-- Opening Marker --

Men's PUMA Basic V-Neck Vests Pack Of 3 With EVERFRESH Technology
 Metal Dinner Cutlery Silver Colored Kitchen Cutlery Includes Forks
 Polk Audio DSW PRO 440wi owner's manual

-- Closing Marker --

Your output must be the exact lines from the one containing "Metal Dinner Cutlery" through the end of the data above, both included, and nothing more.

COMPLETED TASK:
 Metal Dinner Cutlery Silver Colored Kitchen Cutlery Includes Forks
 Polk Audio DSW PRO 440wi owner's manual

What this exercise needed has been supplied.